A test made on these principles should be simple and easy, something that an expert would be able to breeze through. No cruft and no trick questions. Just an evaluation of how much knowledge they are carrying around.
Projects & Papers
For most subjects, class projects or papers are the right way to test the skill of what you can accomplish. Don’t shoehorn open-notes into a test format, it doesn’t fit. Just have them do a project. Projects are inherently open-notes; who ever heard of limiting the resources that can be brought to bear on a class project?
Projects provide a better environment for testing what you can accomplish because they don’t unrealistically hamper the student, as even the most liberal open-notes test will. Students have some level of control over what project they choose, how they approach it, what techniques they use, and who they call on for help. That’s a fair test of their abilities as a whole.
Exceptions
Does this advice apply to all subjects? I don’t think so. Foreign language courses are almost entirely about internalization. If you need to look anything up, you haven’t really learned the language. So testing makes a lot of sense in a language course. On the same note, I’m not sure if projects have any place in introductory language courses — though once you get to composition courses, projects start making more sense again.
There may be other reasons to have students do projects. Here I’ve mostly approached projects as a form of evaluation, but projects can also be an important teaching tool. Having students complete a project as an alternative to readings or lecture is a good idea, but that’s a different use case.
There are also some subjects where tests make no sense at all. For many hands-on skills, like writing or sculpture, you could conceivably make a test, but the real proof will be in creation.
Testing is a good way to examine internalized knowledge, but there are some kinds of internalized knowledge that aren’t easily measured by a test. Exactly how to hold your hammer and chisel, just what the dough looks like when it’s ready to go in the oven — these are things that an expert will have internalized, but which would be difficult to put on a test.

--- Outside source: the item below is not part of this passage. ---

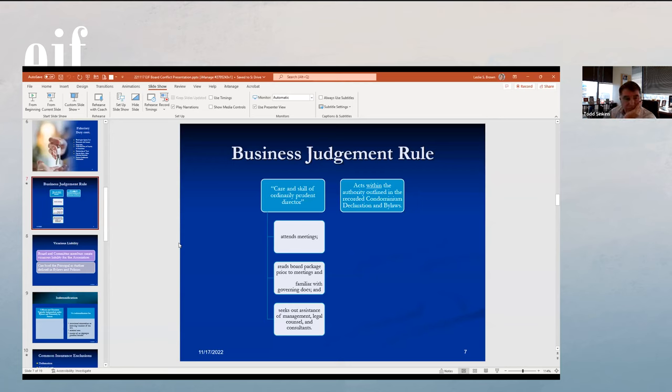The business judgment rule is about the care and skill of an ordinarily prudent director exercised in a similar situation. It's a two-part test: first, you have the authority to act, and second, you exercise appropriate care and skill. How do you fulfill that? Seek the assistance of management, counsel, and consultants. Also: attend your meetings, read the board package, be familiar with the governing documents, and read any reports relevant to the issue you're voting on. It's mostly common sense — make sure you understand what you're doing and what you're voting upon. If you do that and are not acting in a way that violates the governing documents, you will be found to have fulfilled your fiduciary duty.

So there are some kinds of internalized knowledge that are better measured by projects. It seems like this is especially true for crafts, and for courses beyond the beginner level, as the student begins to pick up these hard-to-measure intutions.
Generally, the more advanced the course, the less of a role there is for testing. While every subject has a core base of knowledge that all experts will know by heart, specialists will internalize knowledge that sets them apart even from other specialists. People already seem to understand this at some level, and most advanced courses tend to go light on the tests.
Sky Zhang points out that in certain cases, formula sheets can make a lot of sense. A programmer may not remember the syntax for all the basic operations of the language they’re learning, and the professor shouldn’t care. Giving them a sheet that provides that syntax won’t help them if they don’t understand the concepts, but it is forgiving towards students who have deep conceptual understanding but can’t be bothered to remember the exact notation for every operation. We can trust that if they choose to continue, they will eventually know the basics by heart. I think this is another case where professors should think about what they really want students to get out of the course (in this case, the concepts) and what they could care less about (hopefully, the syntax).